• [Activity] Among the lines below, list those containing the string "holding".

• [Exercise material]

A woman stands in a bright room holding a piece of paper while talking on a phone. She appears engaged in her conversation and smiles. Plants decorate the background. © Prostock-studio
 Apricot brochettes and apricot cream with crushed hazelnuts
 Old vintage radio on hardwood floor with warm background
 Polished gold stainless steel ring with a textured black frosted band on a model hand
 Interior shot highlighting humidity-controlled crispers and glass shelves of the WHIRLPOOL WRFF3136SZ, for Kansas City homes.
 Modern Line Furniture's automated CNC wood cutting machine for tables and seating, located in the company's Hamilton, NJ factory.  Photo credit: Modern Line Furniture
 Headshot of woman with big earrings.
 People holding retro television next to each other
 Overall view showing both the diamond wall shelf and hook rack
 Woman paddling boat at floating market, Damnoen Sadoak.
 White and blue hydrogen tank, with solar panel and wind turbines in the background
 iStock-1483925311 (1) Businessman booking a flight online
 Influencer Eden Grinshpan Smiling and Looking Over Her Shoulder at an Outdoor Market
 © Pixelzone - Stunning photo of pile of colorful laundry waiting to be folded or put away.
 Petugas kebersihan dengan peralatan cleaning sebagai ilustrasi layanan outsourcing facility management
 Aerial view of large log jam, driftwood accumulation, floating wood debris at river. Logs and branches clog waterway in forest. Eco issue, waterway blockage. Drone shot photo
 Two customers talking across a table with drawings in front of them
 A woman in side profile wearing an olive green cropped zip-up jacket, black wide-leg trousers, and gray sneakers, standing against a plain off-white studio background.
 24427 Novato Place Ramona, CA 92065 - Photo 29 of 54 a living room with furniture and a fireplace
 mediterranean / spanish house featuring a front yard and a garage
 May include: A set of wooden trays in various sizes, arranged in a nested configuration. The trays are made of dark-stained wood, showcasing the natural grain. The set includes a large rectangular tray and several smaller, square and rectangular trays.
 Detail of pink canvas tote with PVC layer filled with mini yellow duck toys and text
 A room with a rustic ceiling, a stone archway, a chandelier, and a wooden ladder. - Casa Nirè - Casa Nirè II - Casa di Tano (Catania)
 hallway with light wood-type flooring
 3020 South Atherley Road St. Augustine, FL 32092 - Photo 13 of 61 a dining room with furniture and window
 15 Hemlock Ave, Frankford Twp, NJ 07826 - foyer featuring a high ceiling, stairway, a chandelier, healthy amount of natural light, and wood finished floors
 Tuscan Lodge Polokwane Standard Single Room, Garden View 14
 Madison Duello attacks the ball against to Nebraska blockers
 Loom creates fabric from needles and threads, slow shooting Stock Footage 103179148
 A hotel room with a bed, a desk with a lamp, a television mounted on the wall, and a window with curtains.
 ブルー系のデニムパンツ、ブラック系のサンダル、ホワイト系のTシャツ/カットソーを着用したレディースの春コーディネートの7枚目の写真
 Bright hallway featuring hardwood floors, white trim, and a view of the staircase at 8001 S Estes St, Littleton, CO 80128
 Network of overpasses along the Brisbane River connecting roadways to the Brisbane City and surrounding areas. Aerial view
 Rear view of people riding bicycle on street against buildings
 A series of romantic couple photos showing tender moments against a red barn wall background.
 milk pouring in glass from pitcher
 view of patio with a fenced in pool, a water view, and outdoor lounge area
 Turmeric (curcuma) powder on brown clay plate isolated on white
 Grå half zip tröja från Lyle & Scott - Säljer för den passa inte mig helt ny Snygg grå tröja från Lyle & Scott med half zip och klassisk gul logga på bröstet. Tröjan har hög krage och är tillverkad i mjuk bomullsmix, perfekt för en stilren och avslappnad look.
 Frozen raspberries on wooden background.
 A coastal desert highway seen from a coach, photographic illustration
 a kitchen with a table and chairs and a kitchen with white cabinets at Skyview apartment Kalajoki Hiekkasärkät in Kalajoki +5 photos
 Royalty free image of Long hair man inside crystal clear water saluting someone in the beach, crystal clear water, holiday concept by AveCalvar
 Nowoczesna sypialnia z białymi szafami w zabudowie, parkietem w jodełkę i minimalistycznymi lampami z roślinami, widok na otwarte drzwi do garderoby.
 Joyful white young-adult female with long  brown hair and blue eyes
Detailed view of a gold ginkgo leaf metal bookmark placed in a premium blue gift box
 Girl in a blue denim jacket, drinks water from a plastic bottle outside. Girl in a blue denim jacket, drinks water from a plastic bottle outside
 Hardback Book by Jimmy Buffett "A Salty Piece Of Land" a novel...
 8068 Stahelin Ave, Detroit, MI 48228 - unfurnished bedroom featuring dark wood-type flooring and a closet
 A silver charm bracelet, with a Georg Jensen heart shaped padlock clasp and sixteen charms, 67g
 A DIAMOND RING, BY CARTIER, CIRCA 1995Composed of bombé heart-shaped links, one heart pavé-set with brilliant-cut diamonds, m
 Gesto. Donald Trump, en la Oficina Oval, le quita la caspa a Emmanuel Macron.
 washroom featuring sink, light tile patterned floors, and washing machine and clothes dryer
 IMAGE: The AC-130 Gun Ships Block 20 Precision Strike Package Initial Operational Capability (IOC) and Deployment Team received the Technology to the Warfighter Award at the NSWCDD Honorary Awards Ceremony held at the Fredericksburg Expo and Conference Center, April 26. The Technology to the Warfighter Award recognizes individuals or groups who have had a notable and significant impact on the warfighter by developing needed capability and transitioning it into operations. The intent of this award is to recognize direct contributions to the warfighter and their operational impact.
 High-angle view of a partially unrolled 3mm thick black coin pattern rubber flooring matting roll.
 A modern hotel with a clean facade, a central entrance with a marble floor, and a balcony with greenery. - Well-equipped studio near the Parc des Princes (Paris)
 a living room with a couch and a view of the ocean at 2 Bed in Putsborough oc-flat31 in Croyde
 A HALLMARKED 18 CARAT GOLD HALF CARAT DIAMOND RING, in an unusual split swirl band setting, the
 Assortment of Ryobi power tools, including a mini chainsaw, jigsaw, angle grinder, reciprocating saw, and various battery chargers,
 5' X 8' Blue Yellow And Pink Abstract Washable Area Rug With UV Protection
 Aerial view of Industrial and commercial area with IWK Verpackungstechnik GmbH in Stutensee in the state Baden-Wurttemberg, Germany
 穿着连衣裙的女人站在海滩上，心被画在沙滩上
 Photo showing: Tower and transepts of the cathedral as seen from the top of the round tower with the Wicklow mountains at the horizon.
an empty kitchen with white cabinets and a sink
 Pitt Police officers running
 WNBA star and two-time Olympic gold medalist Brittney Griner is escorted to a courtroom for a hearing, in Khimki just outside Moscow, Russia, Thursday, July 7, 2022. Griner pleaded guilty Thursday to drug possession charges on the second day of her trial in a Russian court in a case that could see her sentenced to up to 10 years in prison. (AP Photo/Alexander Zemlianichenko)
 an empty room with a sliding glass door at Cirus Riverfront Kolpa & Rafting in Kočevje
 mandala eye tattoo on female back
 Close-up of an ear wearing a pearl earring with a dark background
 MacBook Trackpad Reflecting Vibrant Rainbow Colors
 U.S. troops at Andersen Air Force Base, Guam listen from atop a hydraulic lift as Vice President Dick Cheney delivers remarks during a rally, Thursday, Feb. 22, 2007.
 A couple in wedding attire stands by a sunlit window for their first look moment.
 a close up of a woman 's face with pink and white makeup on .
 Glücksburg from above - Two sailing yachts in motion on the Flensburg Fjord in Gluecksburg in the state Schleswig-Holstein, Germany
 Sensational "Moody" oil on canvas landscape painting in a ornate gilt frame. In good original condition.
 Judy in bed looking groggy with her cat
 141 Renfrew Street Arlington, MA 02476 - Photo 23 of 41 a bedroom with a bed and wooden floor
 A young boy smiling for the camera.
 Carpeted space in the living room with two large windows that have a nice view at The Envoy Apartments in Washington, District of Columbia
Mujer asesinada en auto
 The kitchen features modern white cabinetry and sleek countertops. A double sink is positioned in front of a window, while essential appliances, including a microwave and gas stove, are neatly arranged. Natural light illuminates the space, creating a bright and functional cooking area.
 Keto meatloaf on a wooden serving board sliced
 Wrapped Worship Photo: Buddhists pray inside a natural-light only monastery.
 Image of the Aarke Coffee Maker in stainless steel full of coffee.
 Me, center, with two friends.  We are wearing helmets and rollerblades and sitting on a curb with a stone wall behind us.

• [Solution for this problem]
A woman stands in a bright room holding a piece of paper while talking on a phone. She appears engaged in her conversation and smiles. Plants decorate the background. © Prostock-studio
 People holding retro television next to each other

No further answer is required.